Trust, but verify. Why independent validation catches what the build team can't see, and how to test like production instead of like a demo.

Every program I have run reaches a moment where the build team stands up and says the system is ready. They mean it. They have configured it, walked the demos, and watched the happy path run clean. And they are not wrong, exactly. The system does what they built it to do.

The trouble is that "what they built" and "what the business needs" are two different statements, and only one of them shows up in the demo. The gap between them is where go-live disasters live. Closing it is what testing is actually for, and why I will not take the build team's word alone for it. Trust, but verify.

Why the build team can't grade its own homework

This is not about dishonesty. The people who configured the system are good at their jobs and they want it to work. The problem is blind spots, and blind spots are structural, not moral.

When you configure something, you build a mental model of how it is supposed to behave. Then you test the paths in that model. You confirm the cases you had in mind and you miss the ones you never imagined, because you cannot test for a scenario you do not know exists. The integrator tests the system they designed. Nobody on that team is incentivized to go looking for the reasons it might fail.

That is the whole case for an independent line of sight. Not because the build team is careless, but because no team can see its own assumptions from the inside.

What independent V and V adds

Independent verification and validation is not a second QA team doing the same scripts a little more carefully. It is a different vantage point, and it has to be set up deliberately or it collapses back into the integrator's view of the world.

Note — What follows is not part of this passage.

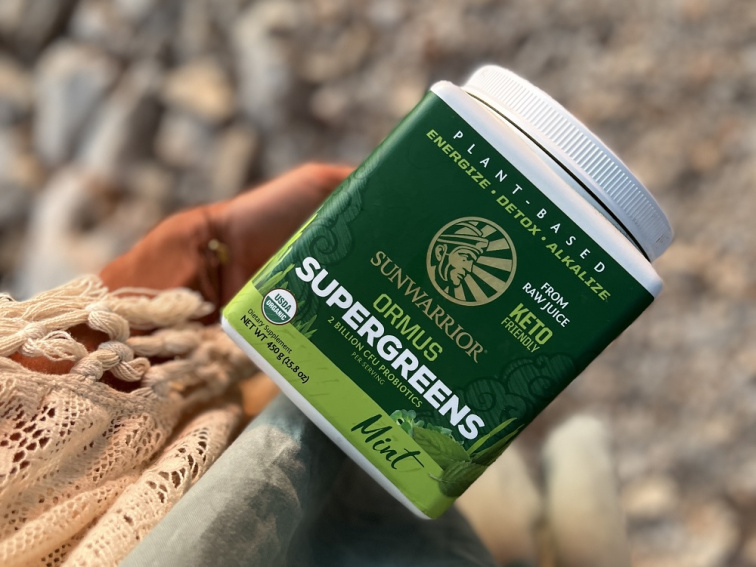 Sunwarrior Ormus Super Greens BIO - Máta, 450g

Three things make it independent in a way that matters:

  • A separate line of sight. The V and V function reports to the program, not to the integrator. Its job is to tell you the truth about quality, not to protect a delivery date or a statement of work.
  • Risk-based coverage. You cannot test everything, so you test what matters. That means concentrating on the processes that move money, touch employees, and carry regulatory or contractual weight, instead of spreading effort evenly across things that don't.
  • The authority to say "not ready." An assessment nobody is obligated to act on is theater. Independent V and V only earns its keep when it can hold up a hand before go-live and be believed.

That last point is the one that gets negotiated away when schedules tighten. Resist it. The value of an independent voice is precisely that it can deliver news the program would rather not hear.

The build team can tell you the system does what they built. Only independent testing tells you it does what the business actually needs. Those are not the same sentence, and the difference is where go-live failures come from.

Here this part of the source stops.